Sunday, October 25, 2009

Straight from the Page

There's a misconception among a fair amount of directors of comic book movie adaptations that they can simply use the source material as a story board. In my opinion, this is a big mistake and couldn't be further from the truth. Yes, it's great fan service when nerds such as myself see these scenes in the trailer and procede to 'ooh' and 'aah'. But, all too often, that's all these types of scenes really accomplish. They're there to appease the fans of the source material; the die-hards who are looking for something that reminds them of one of their favorite comics. It's an easy way of making a film look as if its reverent to its source material, and most of the time this reverence is purely superficial.

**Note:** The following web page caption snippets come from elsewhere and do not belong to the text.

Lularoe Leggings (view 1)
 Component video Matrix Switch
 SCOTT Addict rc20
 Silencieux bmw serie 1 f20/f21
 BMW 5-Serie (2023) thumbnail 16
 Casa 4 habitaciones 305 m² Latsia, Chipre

A perfect example of this is the Watchmen film, which packed in a ton of shots ripped straight from the pages of the comic. The problem is, a comic doesn't work like a movie story board. In the comic book medium, the reader is completely in control of time. As a reader, you decide how long your eyes dwell on each panel, you can look ahead, and you skip backwards. A movie can't replicate this experience, no matter how hard it tries, and simply ripping an image from a panel, no matter how iconic, isn't a worthy substitute. Zach Snyder would have better served the source material if he'd shot the Watchmen film in a way that made more filmic sense, instead of being a slave to the visual content of the graphic novel. While, this certainly wasn't the hugest problem that movie had in terms of faithfulness to the source, it's one thing that could have made a huge difference in my ultimate opinion of the film.